So consider these dfs:
data1 = [{'name': 'Muhammad', 'age_x': 20, 'city_x': 'Karachi', 'number' : 1001},
{'name': 'Ali', 'age_x': 19, 'city_x': 'Lahore', 'number' : 1002},
{'name': 'Ahmed', 'age_x': 25, 'city_x': 'Islamabad', 'number' : None}]
data2 = [{'name': 'Muhammad', 'age_x': 20, 'city_x': 'Karachi', 'number' : 1001},
{'name': 'Ali', 'age_x': 19, 'city_x': 'Lahore', 'number' : 1002},
{'name': 'Ahmed', 'age_x': 25, 'city_x': 'Islamabad', 'number' : None}]
df1 = pd.DataFrame(data1)
df2 = pd.DataFrame(data2)
Is there a good solution to merge these dfs (or indicate the matches in df1) based on number column if not None, if number column is None, then based on name?

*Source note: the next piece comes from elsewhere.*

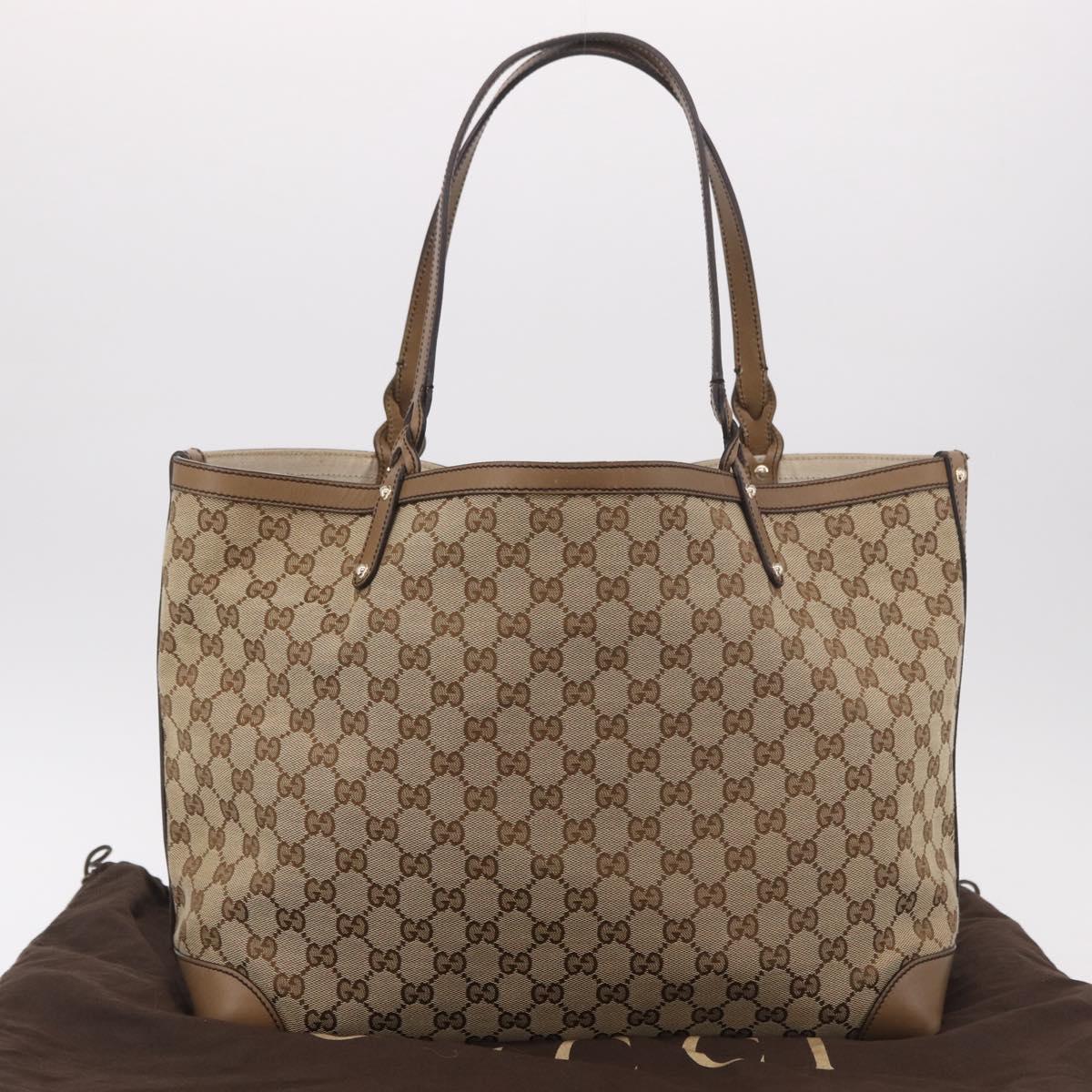 GUCCI GG Canvas Tote Bag Beige Gold 247209 Auth mr2690A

Since you have different types in number/name, an easy option would be to create a custom key with fillna
and use it to merge
:
out = pd.merge(df1, df2,
left_on=df1['number'].fillna(df1['name']).rename('key'),
right_on=df2['number'].fillna(df2['name']).rename('key'))
Output:
key_0 name_x age_x_x city_x_x number_x name_y age_x_y city_x_y number_y
0 1001.0 Muhammad 20 Karachi 1001.0 Muhammad 20 Karachi 1001.0
1 1002.0 Ali 19 Lahore 1002.0 Ali 19 Lahore 1002.0
2 Ahmed Ahmed 25 Islamabad NaN Ahmed 25 Islamabad NaN